1	`# mount /dev/sda1 /storage`

At this point, the filesystem is ready to absorb some new files. Let's pretend that we're running a virtual machine (VM) farm and therefore need to manage deployment images. This and the next example are admittedly contrived, as any serious VM and container farm manager takes care of all these details.

# mkdir /storage/images

# truncate -s 30g /storage/images/os8_base.img

# qemu-system-x86_64 -hda /storage/images/os8_base.img -cdrom /isoz/os8_install.iso

Now we install a base OS image that we will later use for fast deployment.
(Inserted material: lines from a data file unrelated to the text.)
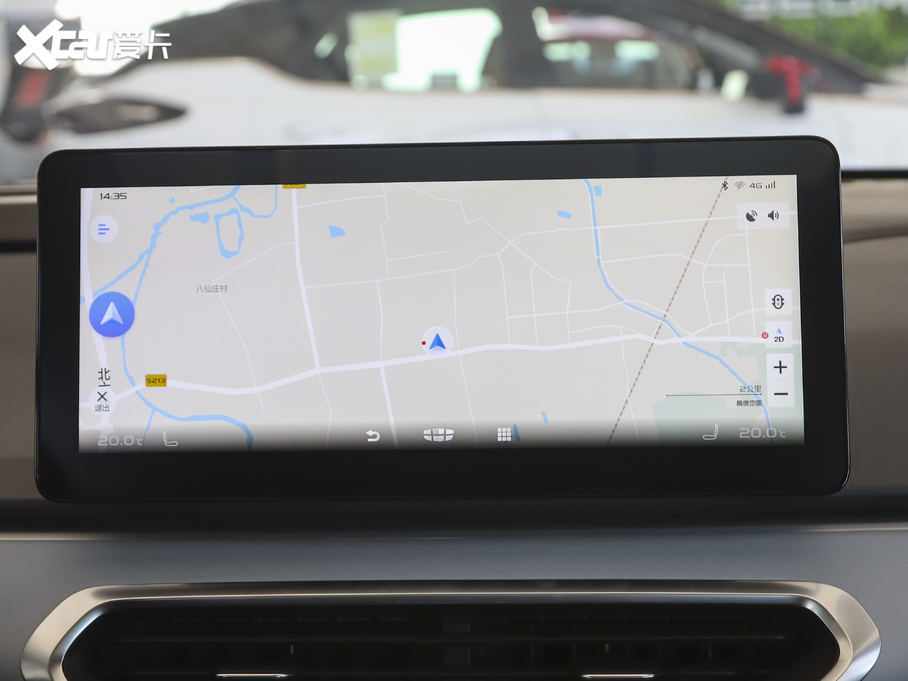 2020׺C 400KM xm C+ Pro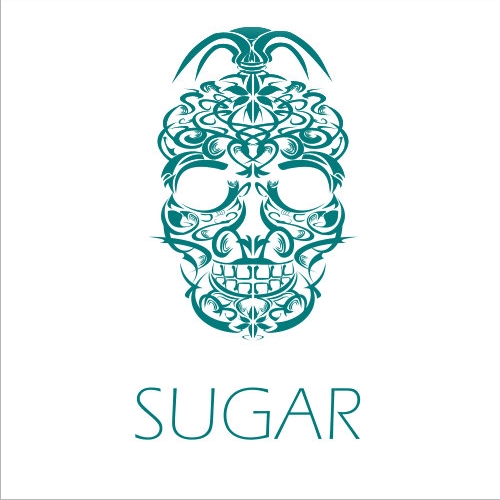 Sugar Skull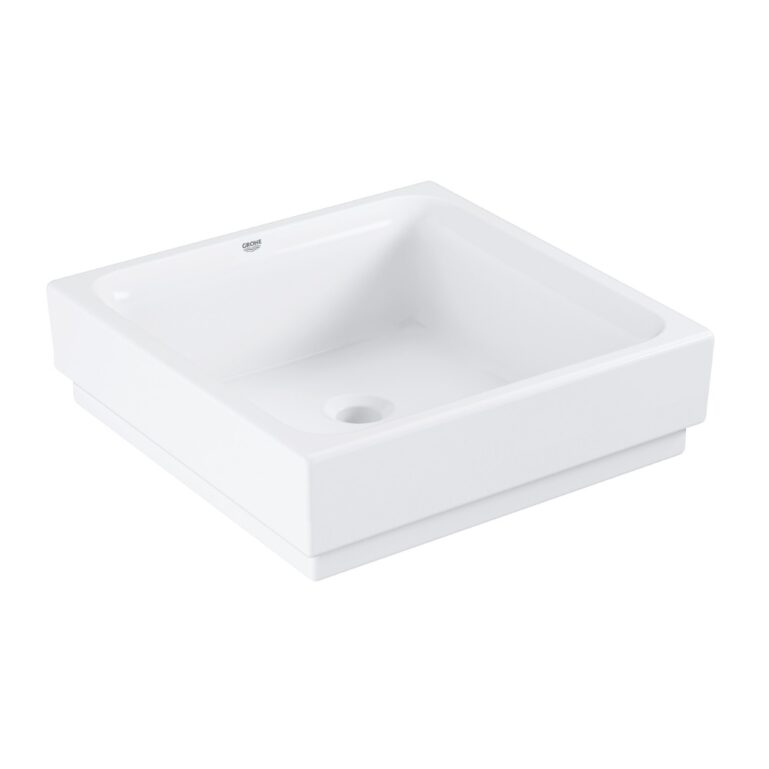 VALAMU GROHE CUBE CERAMIC 40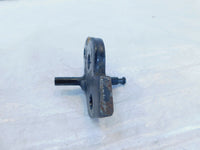 Honda Shadow 750 VT750 Spirit Aero & Ace Kickstand Kick Side Stand Mount Bracket - C3 Cycle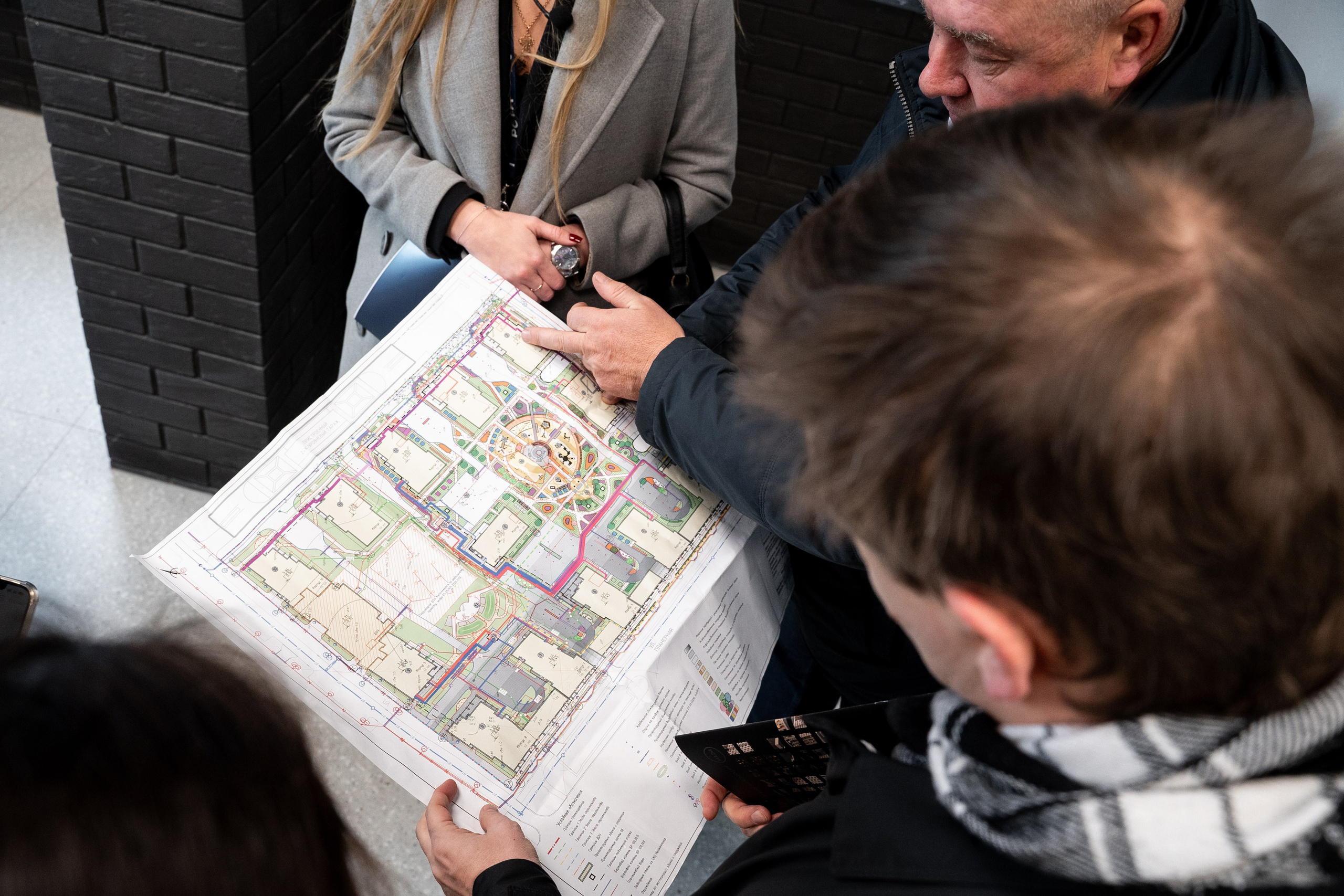 Премия Urban. Фотограф и видеограф Евгений Романов Санкт-Петербург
Once that's done, we shut down the QEMU process. But first, we'll check that everything's in order:

# xfs_bmap -e -l -p -v -v -v /storage/images/os8_base.img

/storage/images/os8_base.img:

EXT: FILE-OFFSET BLOCK-RANGE AG AG-OFFSET TOTAL FLAGS

0: [0..15728639]: 52428960..68157599 1 (160..15728799) 15728640 000000

<listing shortened for brevity>

# df -h /storage

Filesystem Size Used Avail Use% Mounted on

/dev/sda1 100G 32G 68G 32% /storage

Now, let's say that we want to provision a new VM using the base image that we just created. In the old days we would have had to copy the entire image, which can be very time consuming. Now, we can do this very quickly:

# /usr/bin/time cp -pRdu --reflink /storage/images/os8_base.img /storage/images/vm1.img

0.00user 0.00system 0:00.02elapsed 39%CPU (0avgtext+0avgdata 2568maxresident)k

0inputs+0outputs (0major+108minor)pagefaults 0swaps

# xfs_bmap -e -l -p -v -v -v /storage/images/vm1.img

/storage/images/vm1.img:

EXT: FILE-OFFSET BLOCK-RANGE AG AG-OFFSET TOTAL FLAGS

0: [0..15728639]: 52428960..68157599 1 (160..15728799) 15728640 100000

<listing shortened for brevity>

FLAG Values:

0100000 Shared extent

0010000 Unwritten preallocated extent

0001000 Doesn't begin on stripe unit

0000100 Doesn't end on stripe unit

0000010 Doesn't begin on stripe width

0000001 Doesn't end on stripe width

# df -h /storage

Filesystem Size Used Avail Use% Mounted on

/dev/sda1 100G 32G 68G 32% /storage

This was a very quick copy! Notice how the extent map on the new image file shows file data pointing to the same physical storage as the original base image, but is now marked as a shared extent, and there's about as much free space as there was before the copy. Now let's start that new VM and let it run for a little while before re-querying the block mapping:

# xfs_bmap -e -l -p -v -v -v /storage/images/os8_base.img

/storage/images/vm1.img:

EXT: FILE-OFFSET BLOCK-RANGE AG AG-OFFSET TOTAL FLAGS

0: [0..15728639]: 52428960..68157599 1 (160..15728799) 15728640 100000

<listing shortened for brevity>

# xfs_bmap -e -l -p -v -v -v /storage/images/vm1.img

/storage/images/vm1.img:

EXT: FILE-OFFSET BLOCK-RANGE AG AG-OFFSET TOTAL FLAGS

0: [0..255]: 102762656..102762911 1 (50333856..50334111) 256 000000

1: [256..15728639]: 52429216..68157599 1 (416..15728799) 15728384 100000

<listing shortened for brevity>

# df -h /storage

Filesystem Size Used Avail Use% Mounted on

/dev/sda1 100G 36G 64G 32% /storage

Notice how the first 128K of the file now points elsewhere. This is evidence that the VM guest wrote to its storage, causing XFS to employ copy on write on the file so that the original base image remains unmodified. We've apparently used another 4GB of space, which is far better than the 64GB that would have been required in the old days.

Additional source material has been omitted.